Der OB ist Vorgesetzter aller Mitarbeiter der Stadtverwaltung, vertritt diese in Rechtsfragen und repräsentiert sie nach außen. Auf der Website der Landeshauptstadt heißt es zusätzlich:
„Der Geschäftsbereich des Oberbürgermeisters umfasst wesentliche zentrale Dienstleistungs- und Kontrollelemente der Stadtverwaltung. Die Büros und Fachbereiche werden direkt vom Oberbürgermeister geführt bzw. sind diesem dienstaufsichtlich zugeordnet.“
Laut Kommunalverfassung (§ 54) ist er auch für folgende Aufgaben zuständig:
• Er bereitet die Beschlüsse der Stadtvertretung und des Hauptausschusses vor und führt sie aus. Ein Hauptausschuss stimmt die Arbeit verschiedener Ausschüsse in der Gemeindevertretung ab. Der OB ist stimmberechtigtes Mitglied des Hauptausschusses. (Kommunalverfassung § 49)
• Beschlussvollzug: Haben die Stadtvertretung oder der Hauptausschuss einen Beschluss gefasst, so ist der OB verpflichtet, diesen umsetzen zu lassen
• Entscheidungsgewalt: Der Staat kann der Stadt (oder den Gemeinden) bestimmte Aufgaben übertragen, zum Beispiel die Bauaufsicht. Diese Aufgaben heißen im Amtsdeutsch: „Pflichtaufgaben zur Erfüllung nach Weisung“. Das heißt, die Stadt muss diese Aufgaben übernehmen, wenn sie ihr zugewiesen werden. Der OB hat bei der Erfüllung dieser Pflichtaufgaben das letzte Wort. Er entscheidet, wie diese Aufgaben umgesetzt werden.

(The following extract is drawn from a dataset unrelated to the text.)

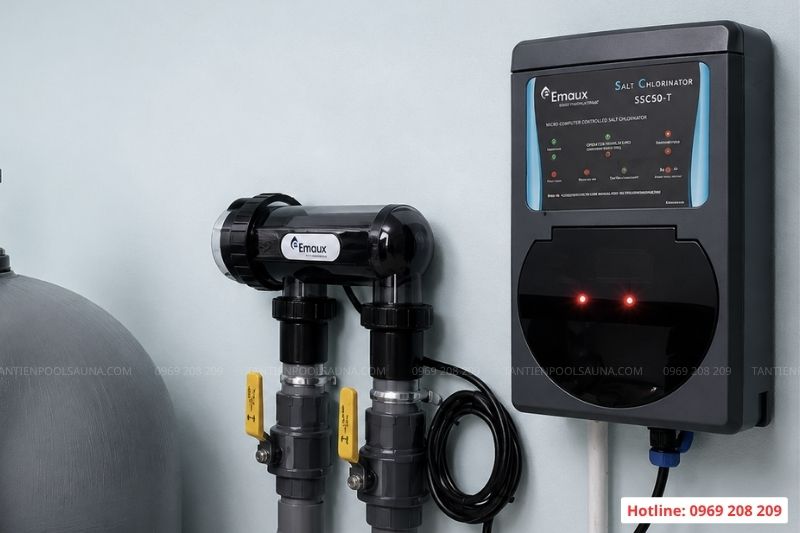 Thiết bị bể bơi Emaux – Giải pháp thiết bị hồ bơi cao cấp và đồng bộ Thiết bị khử trùng bể bơi - điện phân muối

• Widerspruchsrecht: Der OB darf Beschlüssen der Stadtvertretung widersprechen, wenn er der Meinung ist, dass diese rechtswidrig sind. Die betreffenden Beschlüsse werden dann aufgeschoben und müssen erneut in der Stadtvertretung behandelt werden. In dringenden Angelegenheiten, deren Erledigung nicht aufgeschoben werden kann, hat er ein Eilentscheidungsrecht (§ 58 Kommunalverfassung). Der OB kann in solchen Fällen im Einvernehmen mit dem Vorsitzenden der Stadtverordneten (Gemeindevertretung) eine Entscheidung treffen, um eine Gefahr oder einen erheblichen Nachteil für die Stadt abzuwenden.
Der hauptamtliche OB darf zwar Mitglied einer Partei, nicht aber Mitglied einer Fraktion sein. Dadurch soll gewährleistet werden, dass er Entscheidungen aus fachlichen Gründen und nicht nach parteipolitischen Gesichtspunkten trifft. (§ 32 Kommunalverfassung).

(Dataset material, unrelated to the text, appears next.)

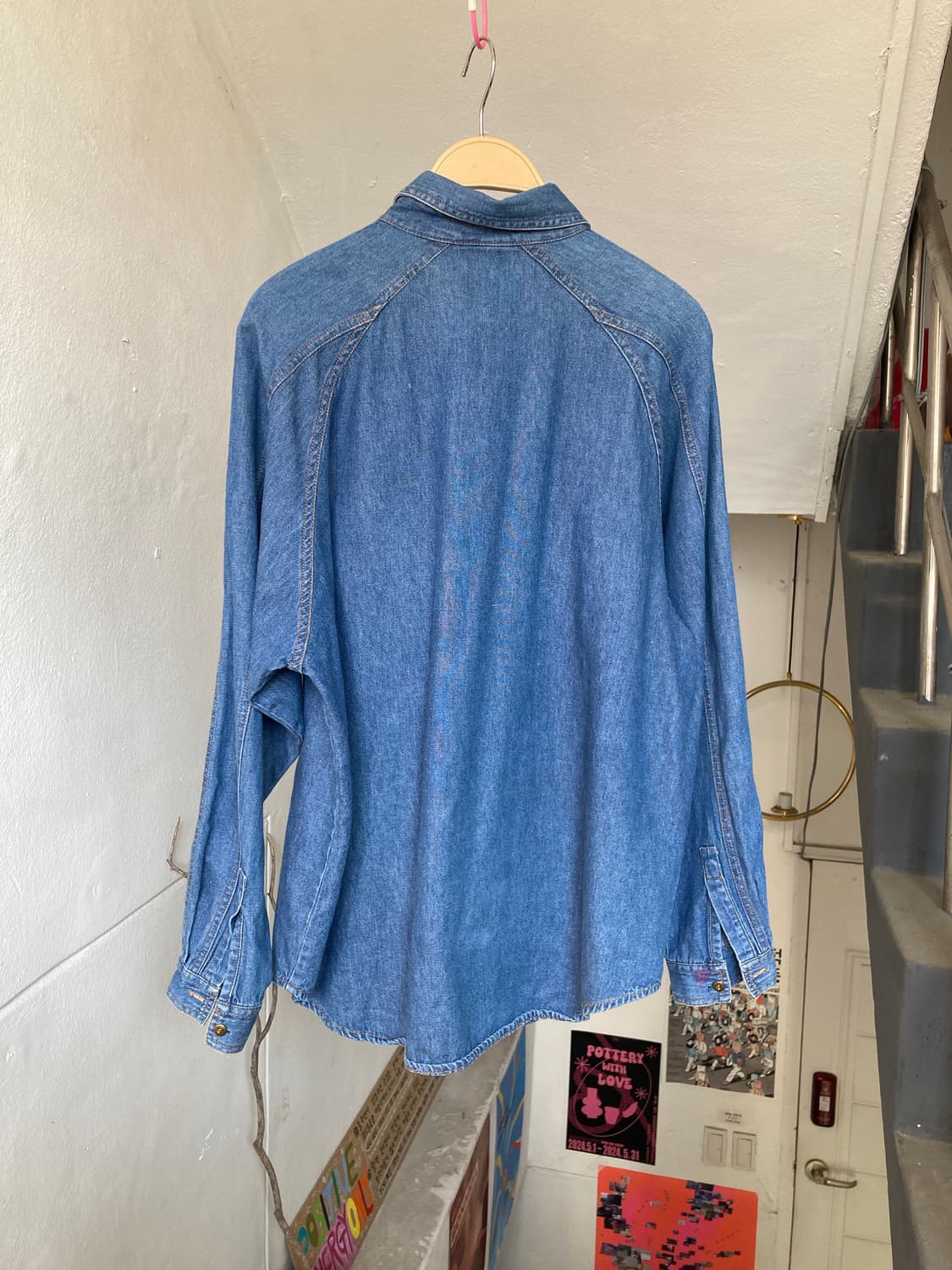 빈티지 포켓 데님 셔츠 상품이미지5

Der OB kann durch einen Bürgerentscheid auch vor Ablauf der regulären Amtszeit abgewählt werden, wenn die Bürger mit dessen Arbeit unzufrieden sind. Wenn man jedoch zufrieden ist, kann der OB immer wieder gewählt werden. Auch eine Begrenzungen der Anzahl von Amtszeiten oder eine Höchstaltersgrenze besteht für einen OB nicht.
Potsdam muss das Wachstum lenken
In jedem Fall steht Potsdam vor einem Wechsel. Hat der bisherige Amtsinhaber, Jann Jakobs (SPD), in den vergangenen 16 Jahren seinen Fokus erfolgreich darauf gelegt, Potsdam zu einer wachsenden Metropole zu machen, stehen die Kandidaten heute vor der großen Aufgabe, das eingetretene Wachstum in die richtigen Bahnen zu lenken.

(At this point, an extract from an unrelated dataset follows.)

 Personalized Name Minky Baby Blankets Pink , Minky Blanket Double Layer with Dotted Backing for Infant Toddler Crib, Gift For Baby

Ein drohender Verkehrskollaps, eine auszubauende Verkehrsinfrastruktur mit einem attraktiven ÖPNV, die Schaffung von bezahlbarem Wohnraum und ausreichend vielen Kitaplätzen, der Bau weiterführender Schulen – insbesondere im Norden Potsdams –, die Vermeidung eines exzessiven Personalabbaus und Sparkurses in den Bereichen der inneren Sicherheit und anderer hoheitlicher Aufgaben, die notwendige Digitalisierung und Vereinfachung von Prozessen in der Stadtverwaltung sind nur einige der Mammutaufgaben, denen sich der neue Oberbürgermeister mit seinen Beigeordneten stellen muss.
Keine Lust mitzugestalten?
Trotz der Möglichkeiten für den einzelnen Bürger, durch seine Stimme direkt mitzuentscheiden, wer in Potsdam dieses wichtige Amt besetzt, war die Beteiligung der vergangenen Wahlen mit noch nicht einmal 50 % relativ niedrig. 2010 lag die Wahlbeteiligung bei unter 46 %.
Gründe dafür könnten sein, dass viele Wähler gar nicht wissen, was ein Oberbürgermeister macht. Ebenso ist die sehr auf eine Person ausgerichtete Wahl nicht gerade davon geprägt, ein aussagekräftiges Programm zu präsentieren.
Wer also mitreden oder mitgestalten und seinen Kandidaten am Ende oben sehen möchte, sollte auf jeden Fall zur Wahl gehen, denn viele rechnen mit einem sehr knappen Ergebnis.